Aside from those who are blessed with understanding the value of poverty, everyone wants more money. Money is a major interest for most people.
Where does money come from?
Money comes from government-owned printing presses. How do governments know how much to print?
They don’t. Mostly, they print as much as they need.
How much do they need? If a government looks at all the jobs involved in providing goods and services for, say three hundred million people they might realize that there are one hundred and fifty million jobs. They are scattered throughout the economy.
If someone figures out a way to do a job with less labor, then there are fewer jobs, but the same number of goods and services are provided. So, the government can print that much money and give some of it to those newly unemployed by automation. The government keeps the rest for its own overpaid employees.
When there is a lot of automation, as when railroads put hundreds of thousands of canal workers and teamsters out of business, governments can print lots more money. They have to, or the owners of the railroads will keep it and become too rich and powerful.

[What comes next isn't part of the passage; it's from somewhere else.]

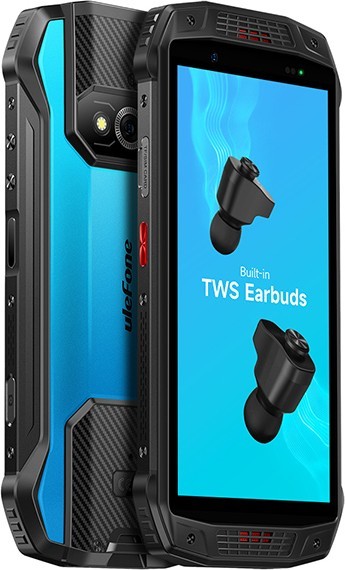 Смартфон UleFone Armor 15 128 ГБ, Синий, Dual nano SIM детальное изображение - 3
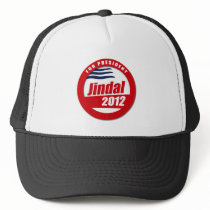 Jindal 2012 button hats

And, the workers, unemployed through no fault of their own, need money to survive. When automation really kicks in, as in America, private charities are not enough to support those made jobless by technology. The government has to print money.
In every area of our economy, fewer workers are doing much, much more. So, the government prints and prints and prints more money. Now, for instance, one fracking well replaces fifty regular wells. Natural gas is less expensive than ever. So, the government has to print more money so that the workers displaced from their old wells can get food stamps and other forms of support.
What’s wrong with “printing press money”? Not much, as long as they keep a balance between the money supply and the number of workers who’ve lost their jobs to technology.
It is important to understand these rudiments of the economy because they upset and bother those who don’t understand them. When we understand, even these simple basics of the money supply, we can be happy. That lets us do the most important work we can: focus on saving our soul.